* Your goal
Print the whole listing exactly as it appears, but skip the pictures.

*** Dataset section Section Begins ***

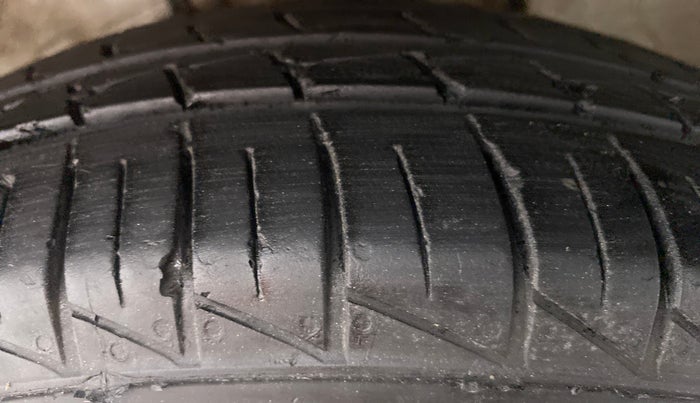 2022 Maruti Alto LXI OPT CNG, CNG, Manual, 8,502 km, Left Front Tyre Tread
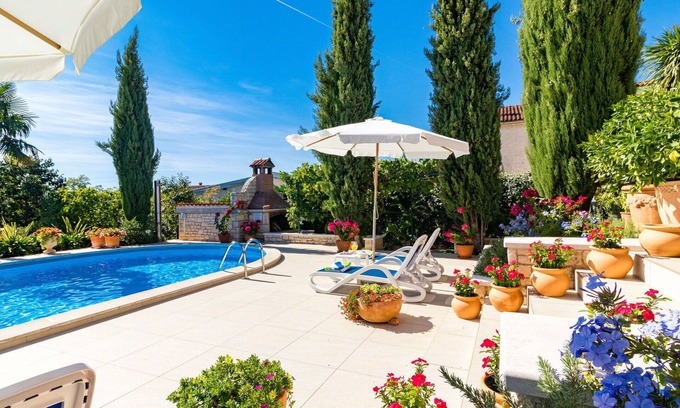Nova Vas Apartment | Cosy apartment for 4 people with pool, A/C, WIFI, TV, terrace and pets allowed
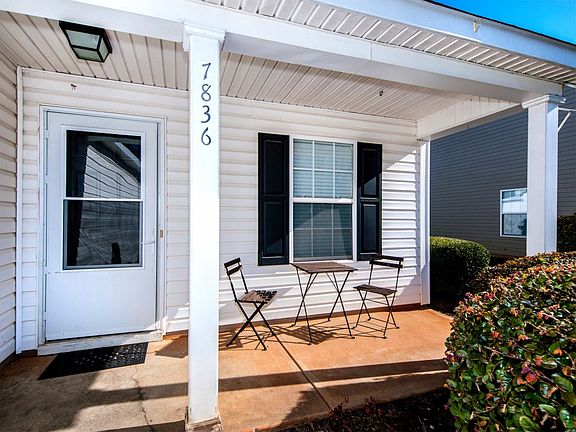 3rd image of 7836 Sullivans Trace Dr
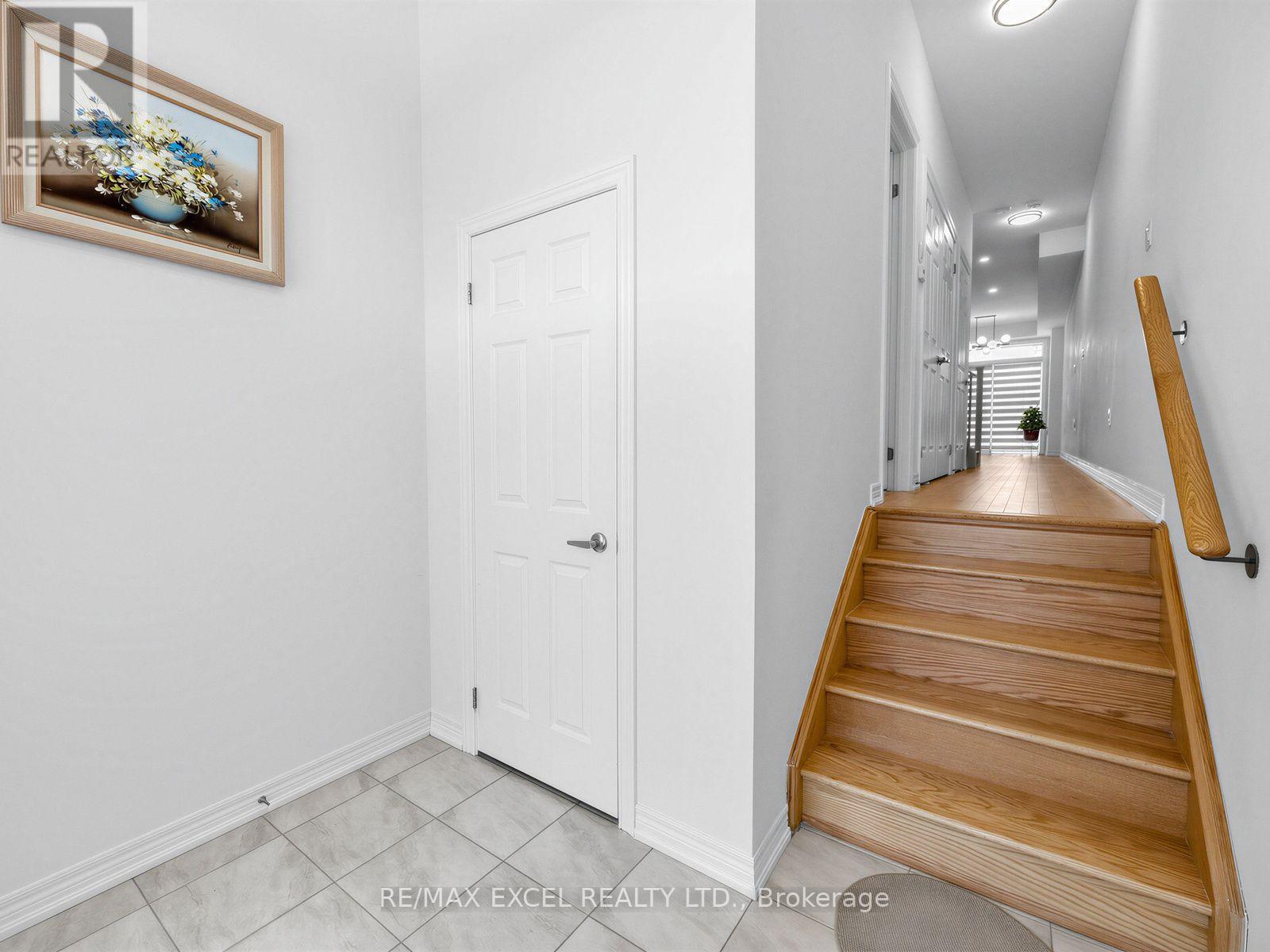 966 Cormorant Path, Pickering, Ontario  L1X 0P5 - Photo 3 - E12933706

*** Dataset section Section Ends ***

* Output of the exercise
 2022 Maruti Alto LXI OPT CNG, CNG, Manual, 8,502 km, Left Front Tyre Tread
Nova Vas Apartment | Cosy apartment for 4 people with pool, A/C, WIFI, TV, terrace and pets allowed
 3rd image of 7836 Sullivans Trace Dr
 966 Cormorant Path, Pickering, Ontario  L1X 0P5 - Photo 3 - E12933706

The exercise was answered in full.